### DATA SECTION
□ □ □

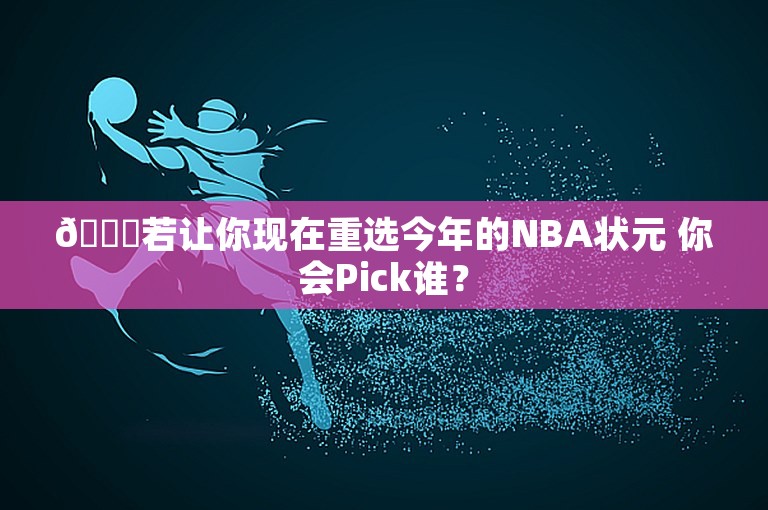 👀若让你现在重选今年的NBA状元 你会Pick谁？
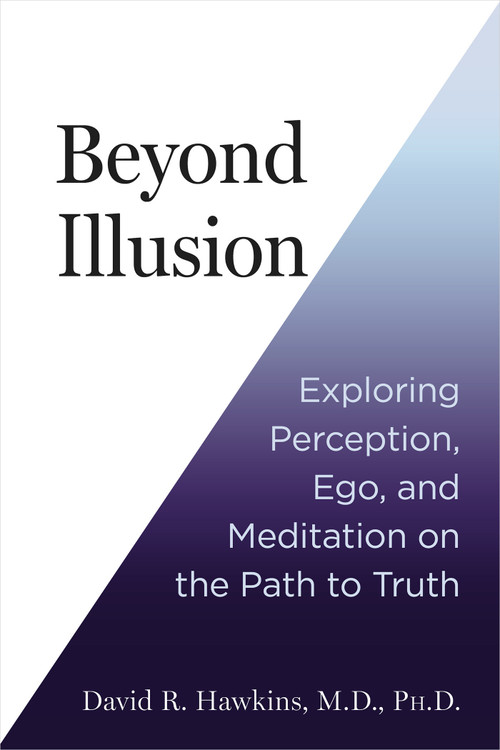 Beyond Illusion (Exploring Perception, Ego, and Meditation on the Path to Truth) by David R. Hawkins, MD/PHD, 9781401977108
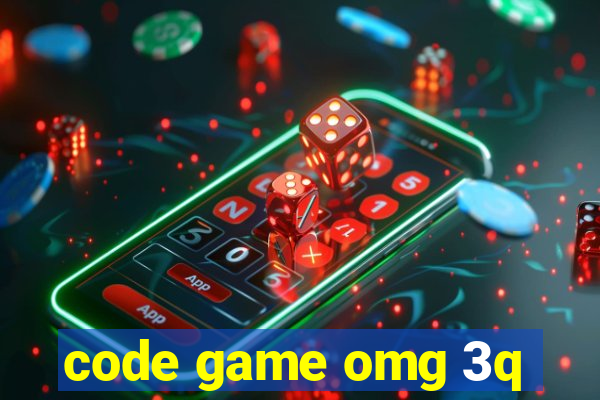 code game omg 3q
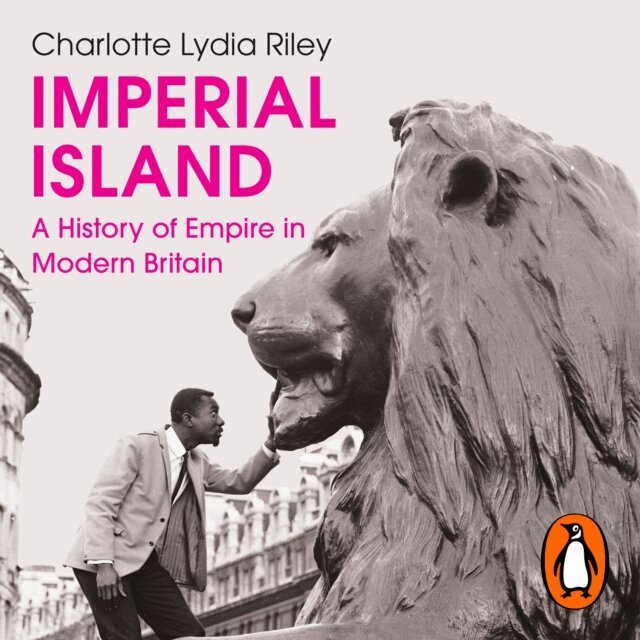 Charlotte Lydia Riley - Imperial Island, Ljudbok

□ □ □

### EXERCISE DETAILS
Since the listing holds pictures, return everything else in it exactly and omit those.

### TASK RESULT
 👀若让你现在重选今年的NBA状元 你会Pick谁？
 Beyond Illusion (Exploring Perception, Ego, and Meditation on the Path to Truth) by David R. Hawkins, MD/PHD, 9781401977108
 code game omg 3q
 Charlotte Lydia Riley - Imperial Island, Ljudbok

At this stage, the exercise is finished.